» **What this task involves**: The reply must contain exactly the lines below from the one with "Large Swiss Dot" down to the one with "Fancy Blue Cushion", both included, and nothing more; please omit the pictures.

*** Extracted information

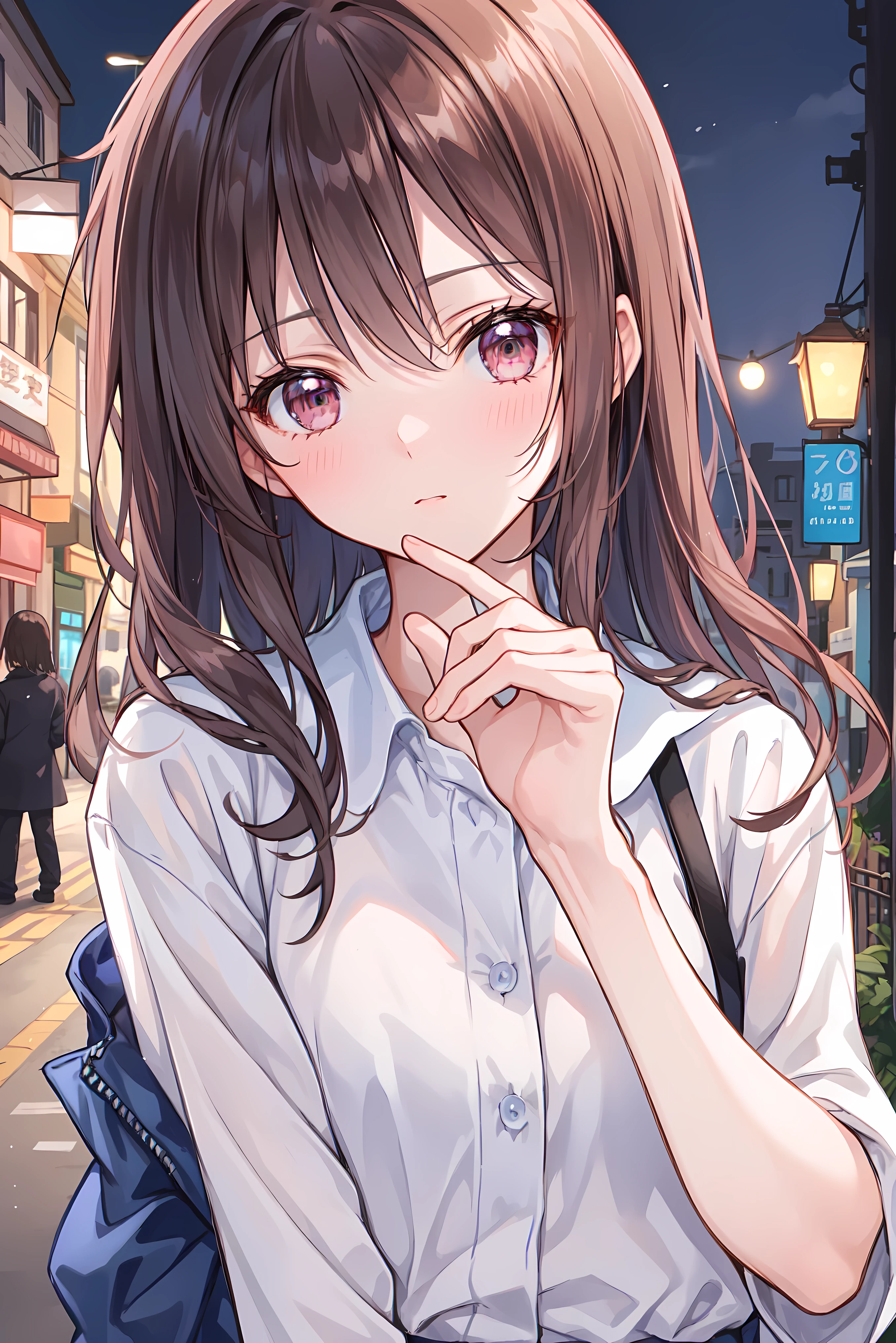 (masterpiece) attention to detail, masterpiece),(high image quality)One couple in their 20s, female1名、Kiss、Romance、Sparkling atmosphere、Glossy appearance、Night City,female(brown medium long hair )close ~ eye、Sweet Sigh、male(Black Disheveled Hair、Y shirt, shirt)tightly close your eye、background、The night deepens、 dark, femaleはショックを受けた, maleが壁に向かって彼女にKissをする, maleが腰を抱く, And his eye were tightly closed, romantic environment ,((Highest Quality)), (Very Detailed), (high image qualityCG合成8K壁紙), 高いly detailed, high-definition raw-colored pictures, professional photography, (((Bokeh))), writing boundary depth in the street,Bust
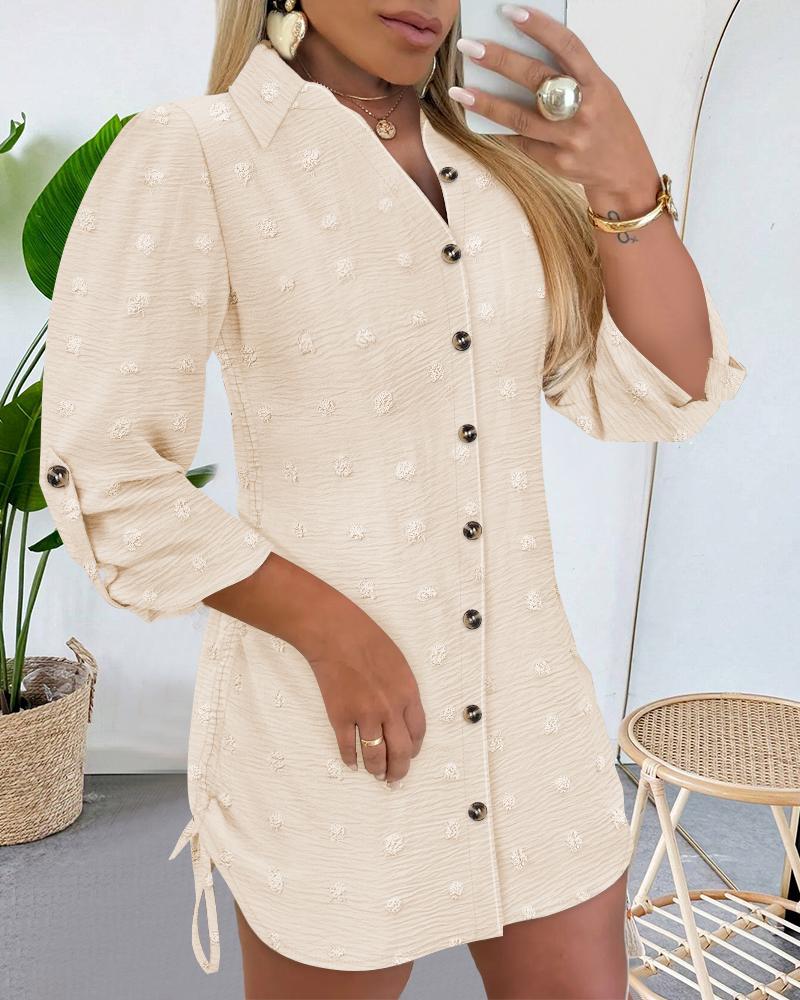 Large Swiss Dot Stand Collar Long Sleeve Chiffon Shirt Dress Casual Button Design Mini Dress, women Shirt Dresses, ChicMe catalog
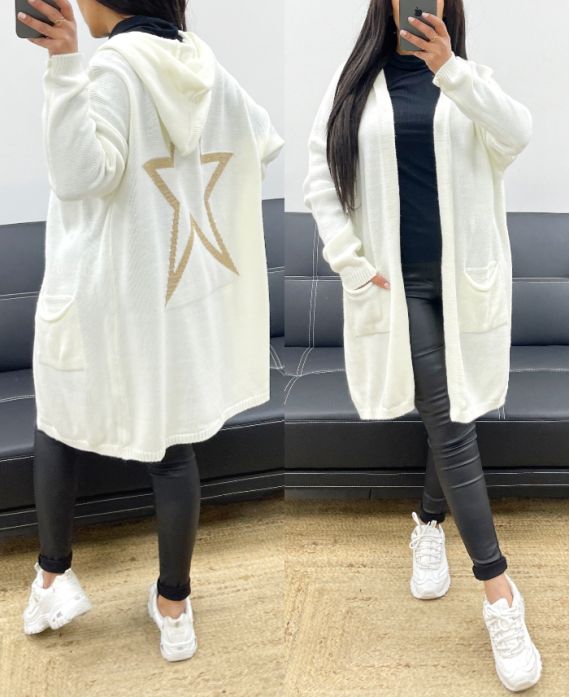 HOODED VEST WITH STAR BACK AH250682 WHITE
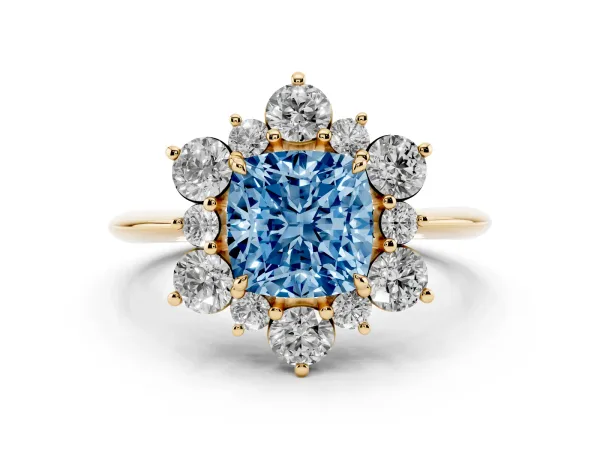 Fancy Blue Cushion Cut Diamond Cluster Halo Ring with Solitaire Band and Four-Prong Setting Yellow gold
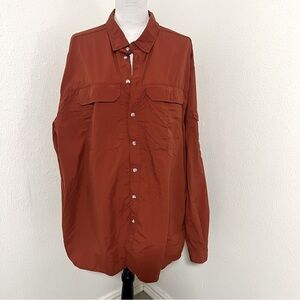 REI Fishing Hiking Shirt XXLT Long Sleeve Pockets Outdoor Interior Mesh UPF 40+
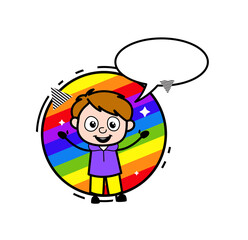 Wall Mural - Cartoon Boy with rainbow background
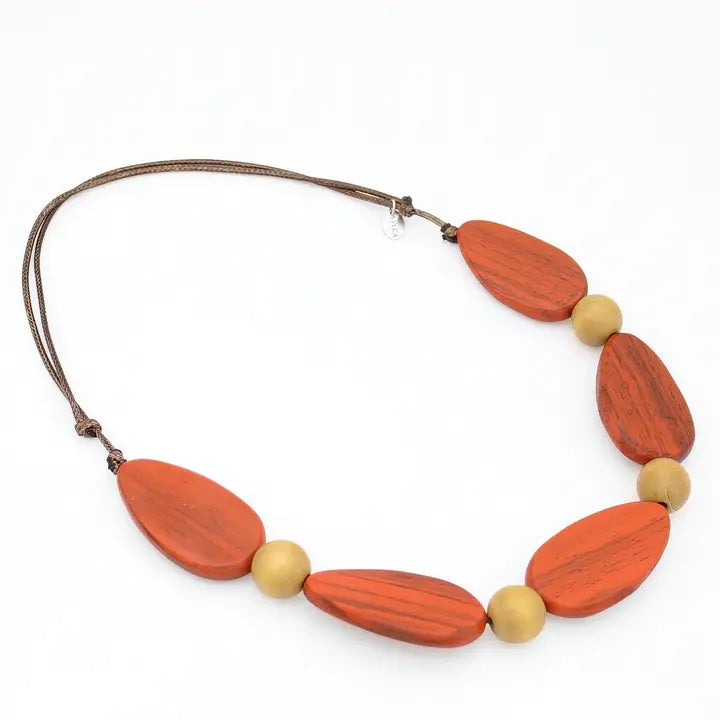 SYLCA Freya Metallic Orange Colorful Necklace - SD26N08 - ORANGE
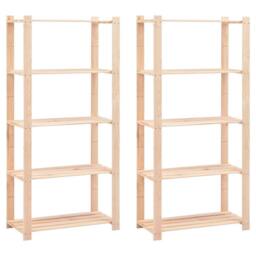 Berkfield Home 5-Tier Storage Racks 2 pcs 80x38x170 cm Solid Pinewood 250 kg in Beige - Size: 80 x 38 x 170 cm - thumbnail 2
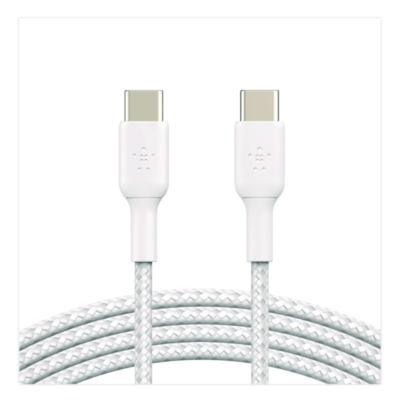 BOOST CHARGE Braided USB-C to USB-C Cable, 3.3 ft, White - CAB004BT1MWH BELKIN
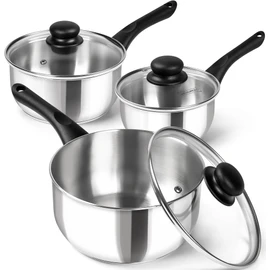 MICHELANGELO Stainless Steel Saucepan with Lid 6pcs, Triply Base Stainless Steel Pot Set, Saucepan Set with Bakelite Handle - 1QT & 2QT & 3QT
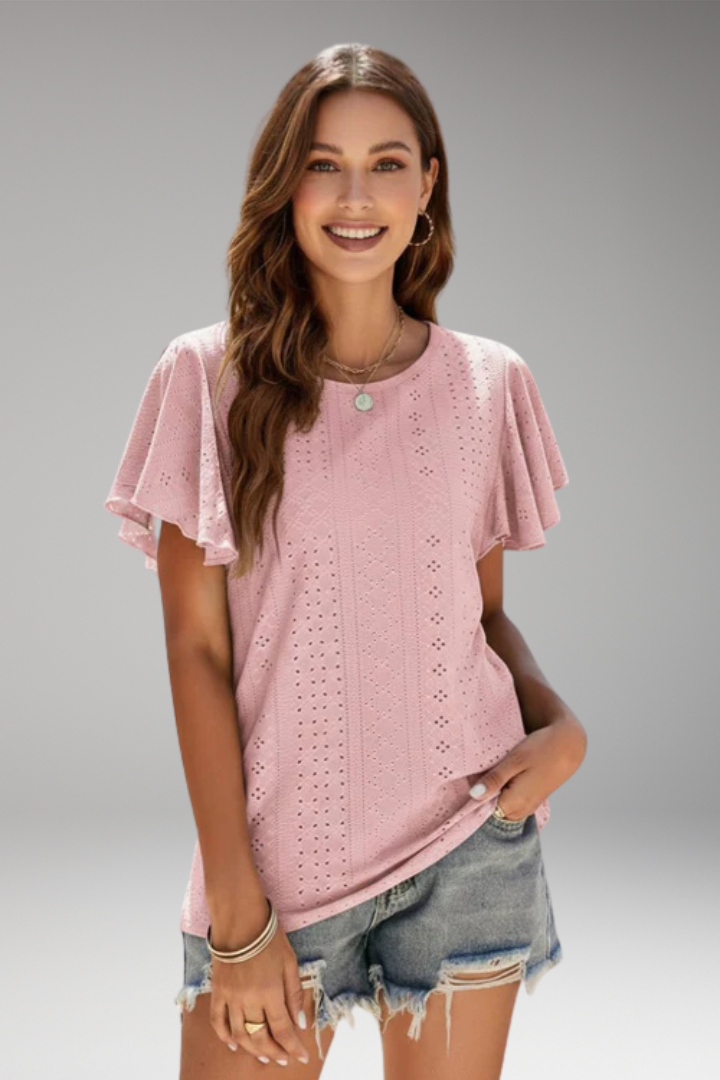 Women’s T‑Shirt with Flounced Sleeves and Openwork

******

» **Reply to the task**:
 Large Swiss Dot Stand Collar Long Sleeve Chiffon Shirt Dress Casual Button Design Mini Dress, women Shirt Dresses, ChicMe catalog
 HOODED VEST WITH STAR BACK AH250682 WHITE
 Fancy Blue Cushion Cut Diamond Cluster Halo Ring with Solitaire Band and Four-Prong Setting Yellow gold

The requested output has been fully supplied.